» DATA FOR ANALYSIS:
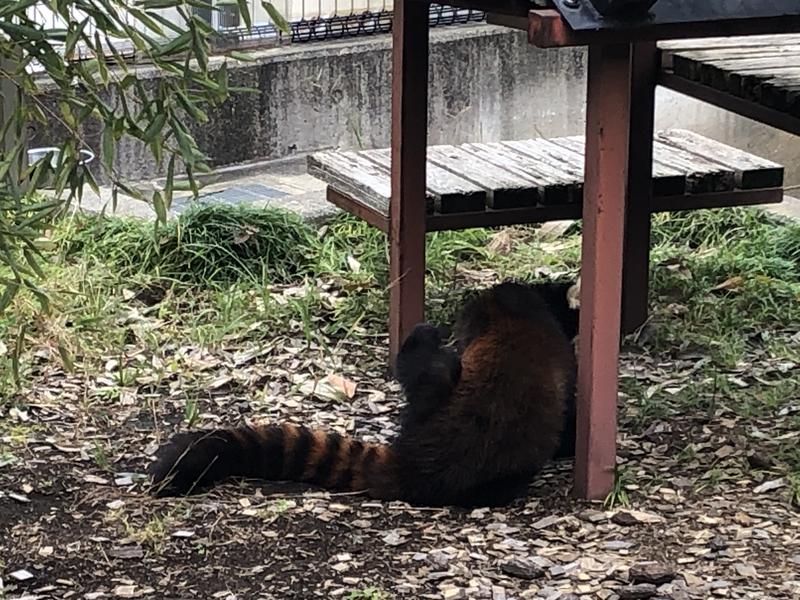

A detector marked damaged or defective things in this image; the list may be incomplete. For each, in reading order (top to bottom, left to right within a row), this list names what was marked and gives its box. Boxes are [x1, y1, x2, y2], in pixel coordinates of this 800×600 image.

rusty metal post [390, 0, 428, 360]
rusty metal post [576, 43, 632, 502]
rusty metal post [620, 41, 656, 332]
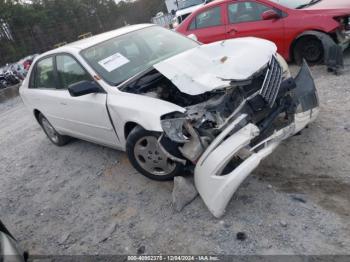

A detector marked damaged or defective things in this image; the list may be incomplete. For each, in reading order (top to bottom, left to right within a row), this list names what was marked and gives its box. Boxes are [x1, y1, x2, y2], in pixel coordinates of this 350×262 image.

damaged white car [19, 24, 320, 217]
crumpled hood [153, 37, 276, 95]
broken front end [159, 55, 320, 217]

» ACTION ITEM: Only the lines from the one with "this 350×262 image." through the end of the data should be printed, each exactly as it appears.

» SOLUTION TO THE EXERCISE:
A detector marked damaged or defective things in this image; the list may be incomplete. For each, in reading order (top to bottom, left to right within a row), this list names what was marked and gives its box. Boxes are [x1, y1, x2, y2], in pixel coordinates of this 350×262 image.

damaged white car [19, 24, 320, 217]
crumpled hood [153, 37, 276, 95]
broken front end [159, 55, 320, 217]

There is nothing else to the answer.